*Data excerpts:*
========================

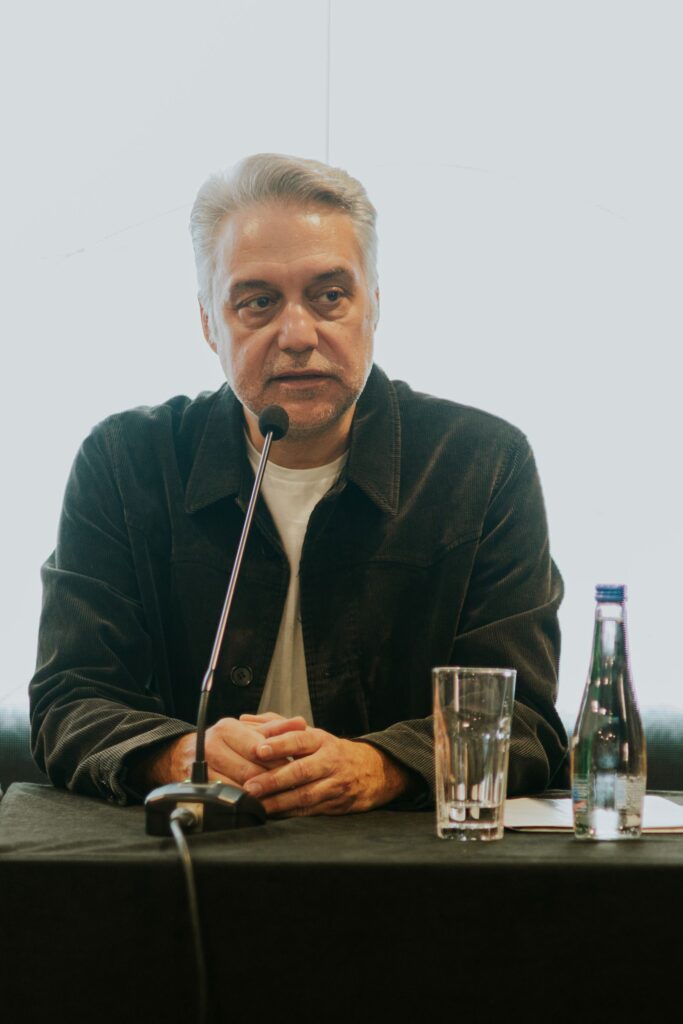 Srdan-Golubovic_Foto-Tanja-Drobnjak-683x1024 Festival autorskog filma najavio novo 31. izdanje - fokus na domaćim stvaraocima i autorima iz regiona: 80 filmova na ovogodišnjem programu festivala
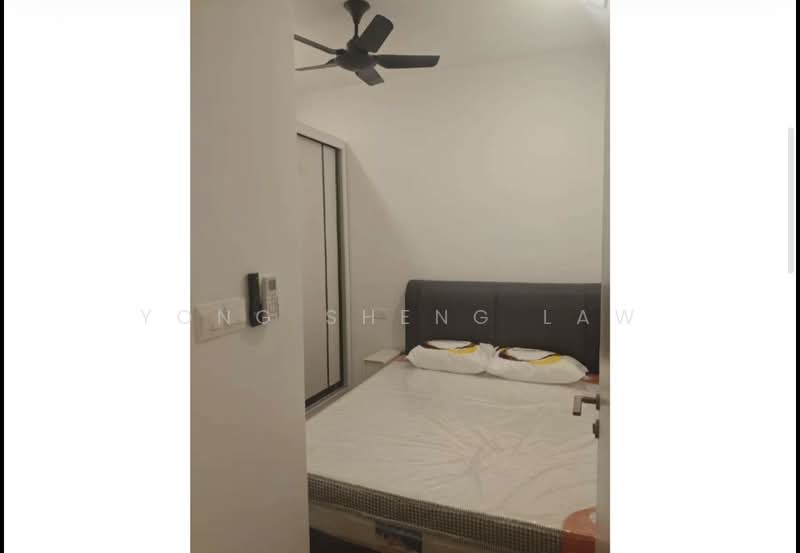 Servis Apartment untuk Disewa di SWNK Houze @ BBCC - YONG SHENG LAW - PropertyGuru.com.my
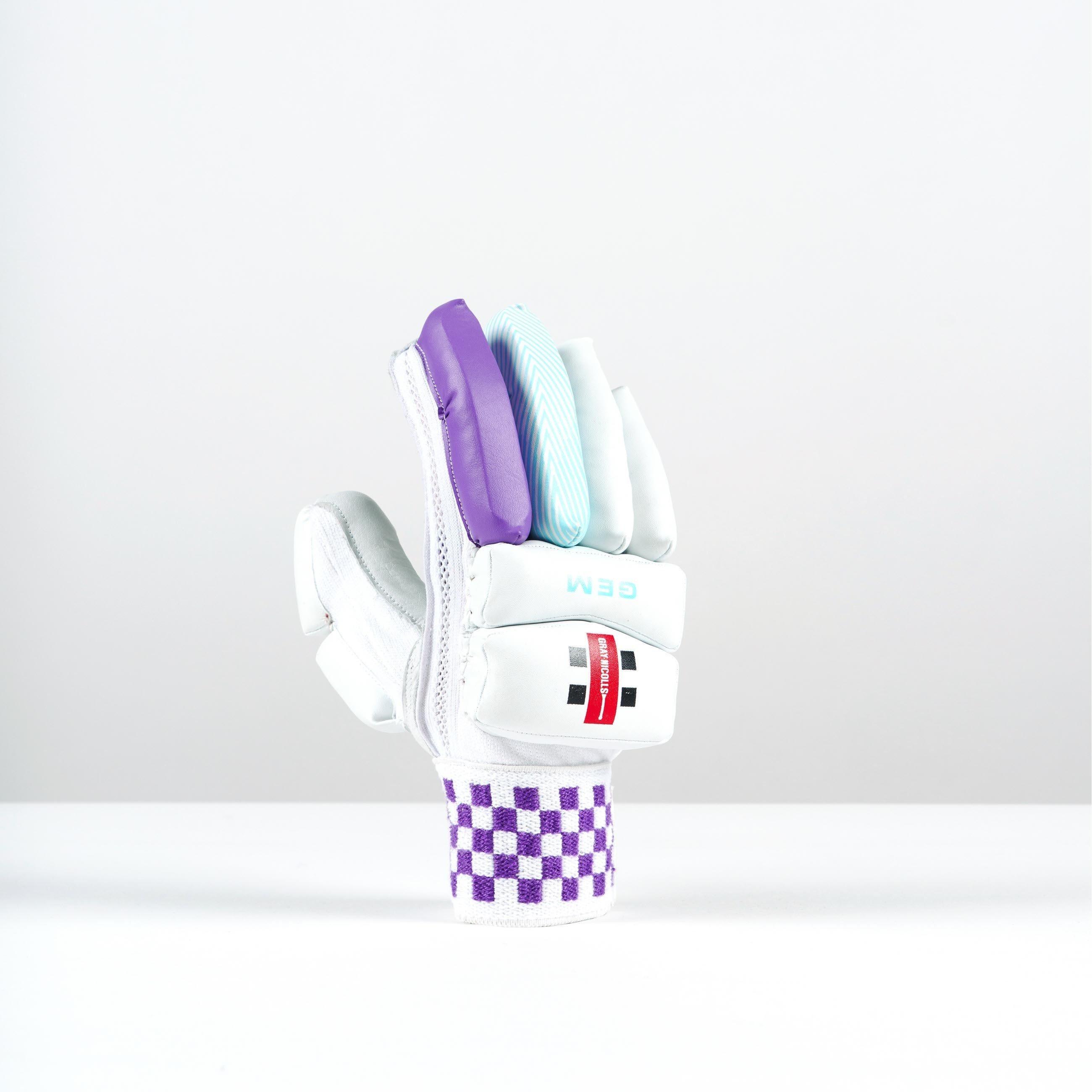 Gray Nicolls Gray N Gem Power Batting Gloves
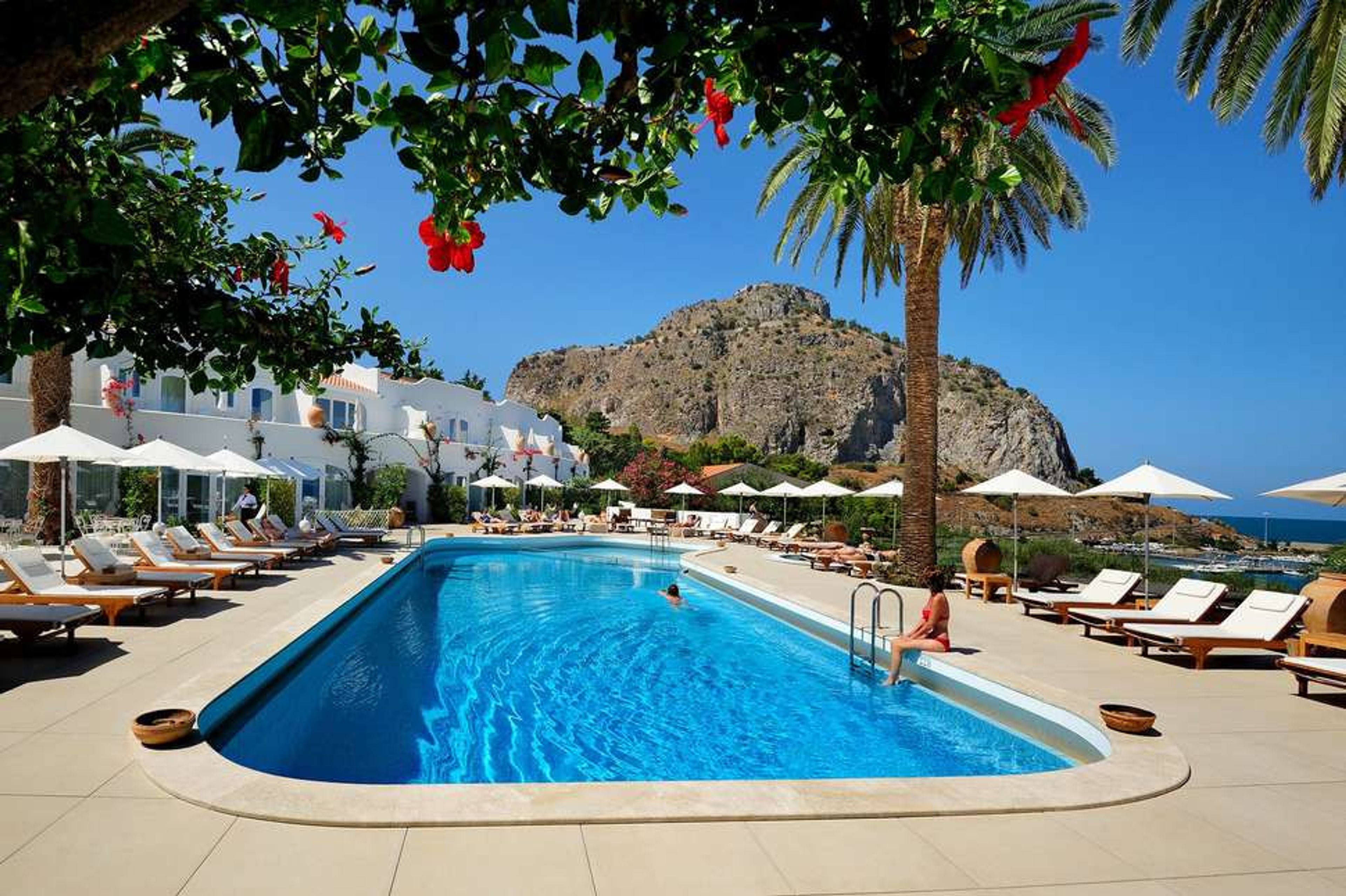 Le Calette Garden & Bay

========================

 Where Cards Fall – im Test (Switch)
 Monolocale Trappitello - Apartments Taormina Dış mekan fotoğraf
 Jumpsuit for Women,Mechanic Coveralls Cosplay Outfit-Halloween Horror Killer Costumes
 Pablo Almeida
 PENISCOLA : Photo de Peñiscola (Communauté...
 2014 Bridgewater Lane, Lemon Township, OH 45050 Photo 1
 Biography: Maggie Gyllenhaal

========================

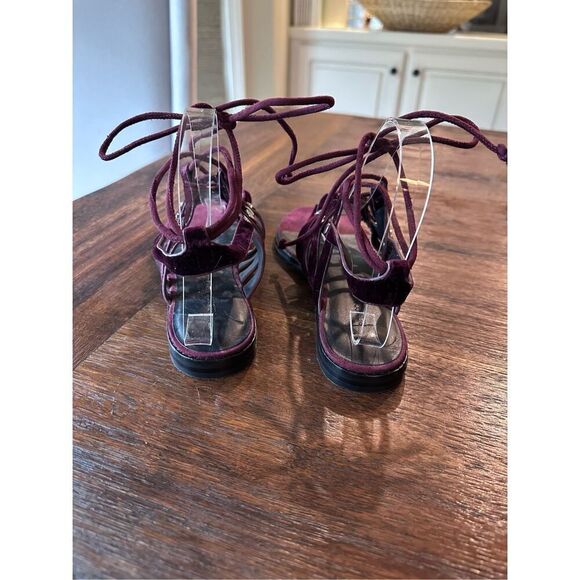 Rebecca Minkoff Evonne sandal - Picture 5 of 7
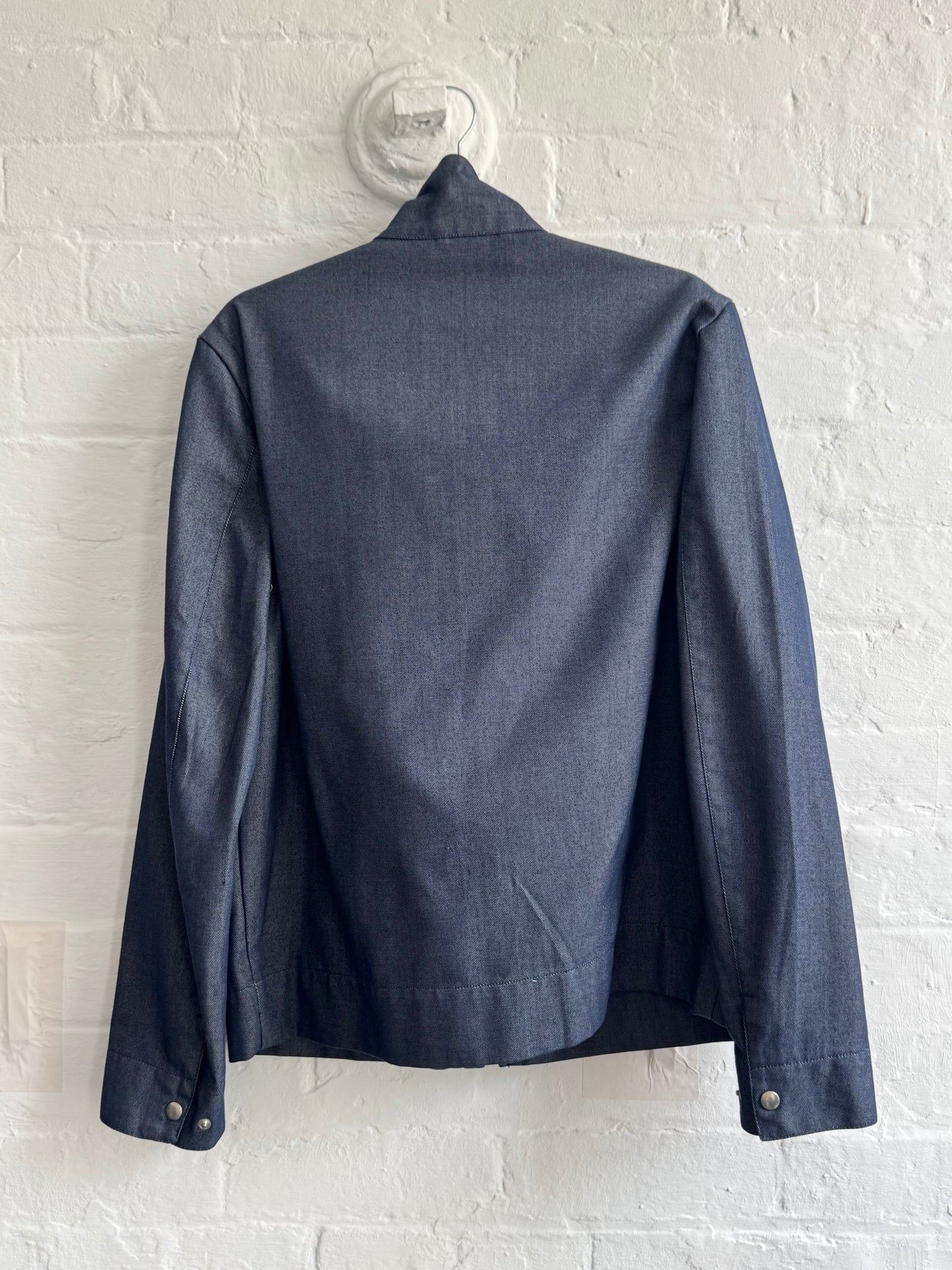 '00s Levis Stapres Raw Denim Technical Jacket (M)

========================

*Your instructions:* From the data above, gather every line that includes the word "Photo".

*Response:*
 PENISCOLA : Photo de Peñiscola (Communauté...
 2014 Bridgewater Lane, Lemon Township, OH 45050 Photo 1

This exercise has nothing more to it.